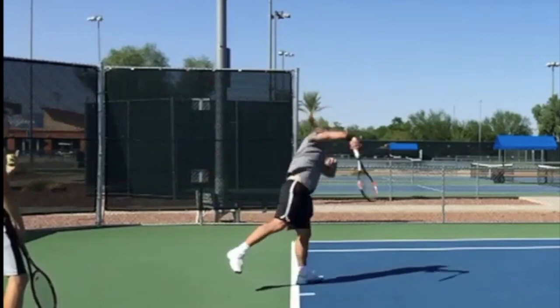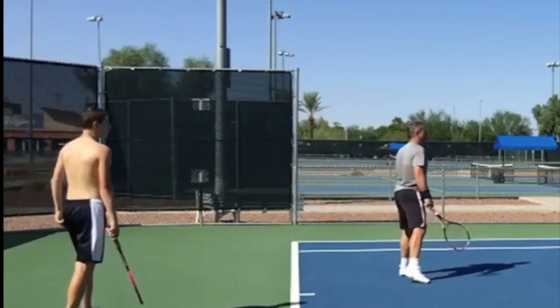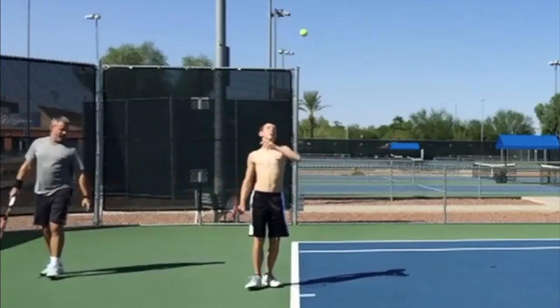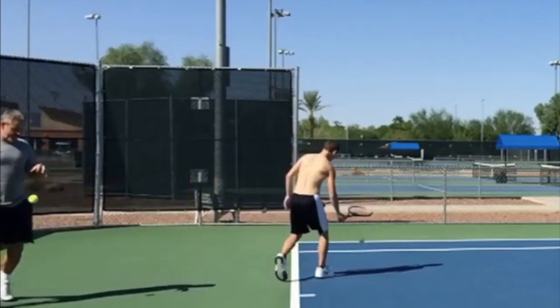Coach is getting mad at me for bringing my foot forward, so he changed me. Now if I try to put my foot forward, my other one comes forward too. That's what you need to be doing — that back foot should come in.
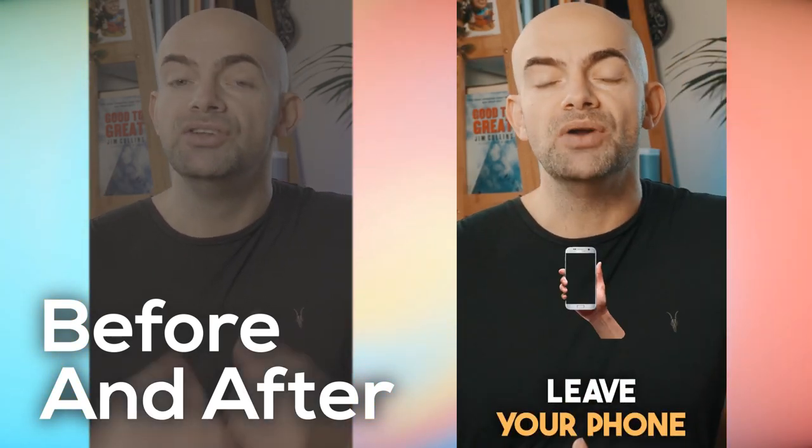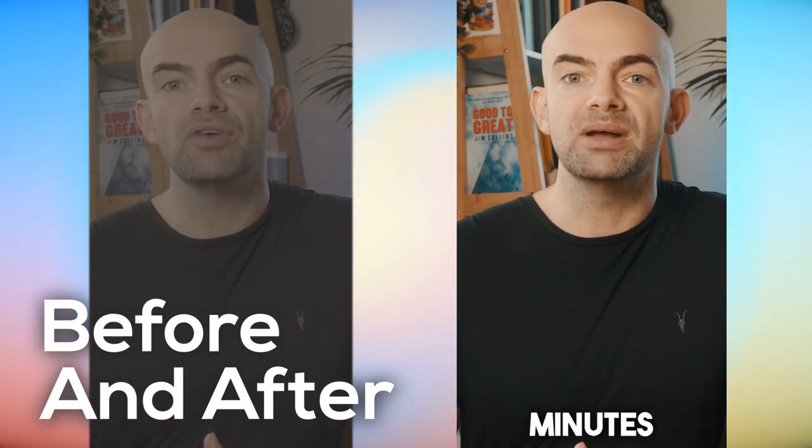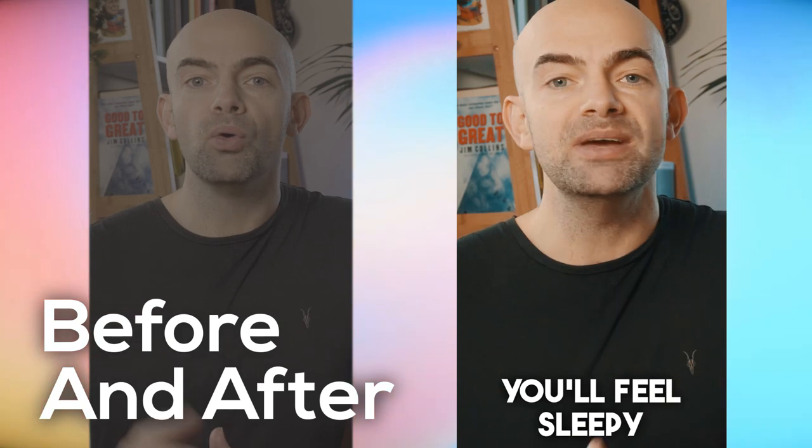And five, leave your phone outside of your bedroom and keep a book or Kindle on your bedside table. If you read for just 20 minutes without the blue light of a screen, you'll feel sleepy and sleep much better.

--

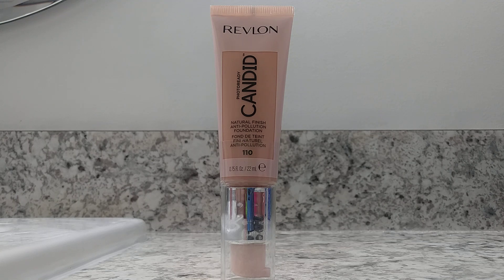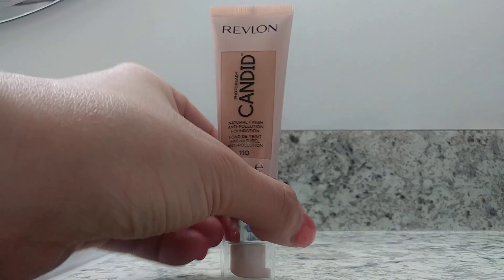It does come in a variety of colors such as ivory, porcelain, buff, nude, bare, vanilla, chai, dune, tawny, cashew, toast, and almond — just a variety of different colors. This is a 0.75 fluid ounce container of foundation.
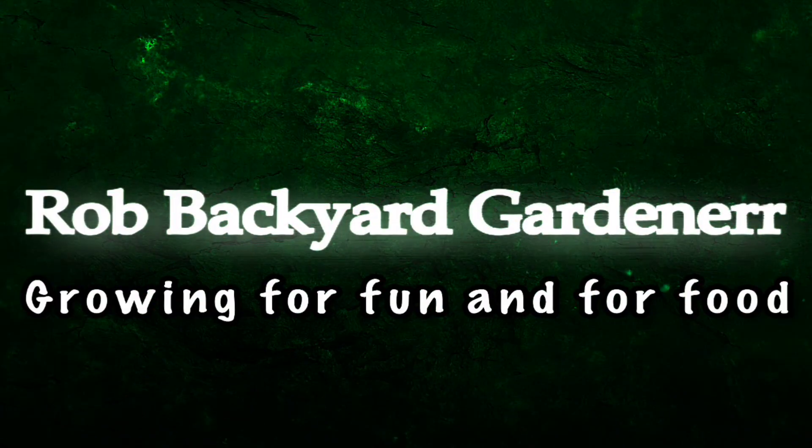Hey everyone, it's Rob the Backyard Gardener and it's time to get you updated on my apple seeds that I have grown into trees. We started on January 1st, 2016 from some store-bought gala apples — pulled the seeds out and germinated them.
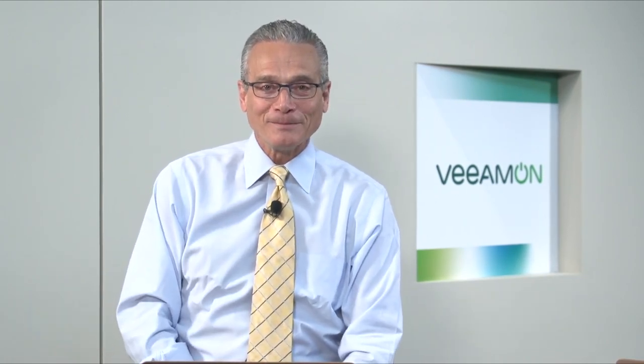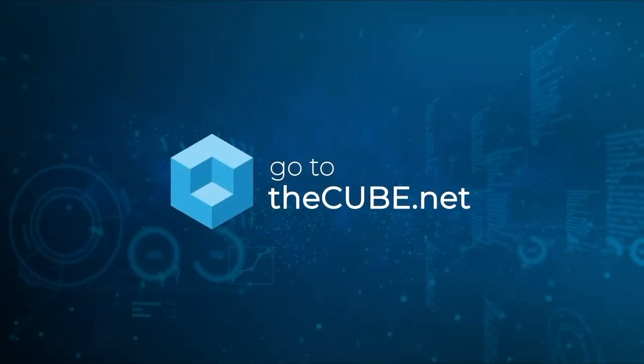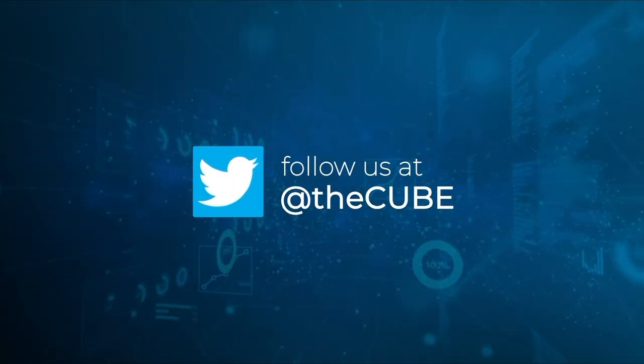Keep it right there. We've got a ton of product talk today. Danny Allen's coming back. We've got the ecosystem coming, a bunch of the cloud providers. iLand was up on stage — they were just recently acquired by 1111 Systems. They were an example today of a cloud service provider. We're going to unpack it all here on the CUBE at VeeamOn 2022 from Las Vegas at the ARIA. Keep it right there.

* * *

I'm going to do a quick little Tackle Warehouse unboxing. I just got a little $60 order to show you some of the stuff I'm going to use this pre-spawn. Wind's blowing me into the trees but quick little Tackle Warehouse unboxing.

§ **Requirement**
Exactly the lines starting at the one above with "It does come" and ending at the one with "Keep it right there. We've" should be printed, and nothing else. Omit the pictures.

§ **Exercise output**
It does come in a variety of colors such as ivory, porcelain, buff, nude, bare, vanilla, chai, dune, tawny, cashew, toast, and almond — just a variety of different colors. This is a 0.75 fluid ounce container of foundation.
Hey everyone, it's Rob the Backyard Gardener and it's time to get you updated on my apple seeds that I have grown into trees. We started on January 1st, 2016 from some store-bought gala apples — pulled the seeds out and germinated them.
Keep it right there. We've got a ton of product talk today. Danny Allen's coming back. We've got the ecosystem coming, a bunch of the cloud providers. iLand was up on stage — they were just recently acquired by 1111 Systems. They were an example today of a cloud service provider. We're going to unpack it all here on the CUBE at VeeamOn 2022 from Las Vegas at the ARIA. Keep it right there.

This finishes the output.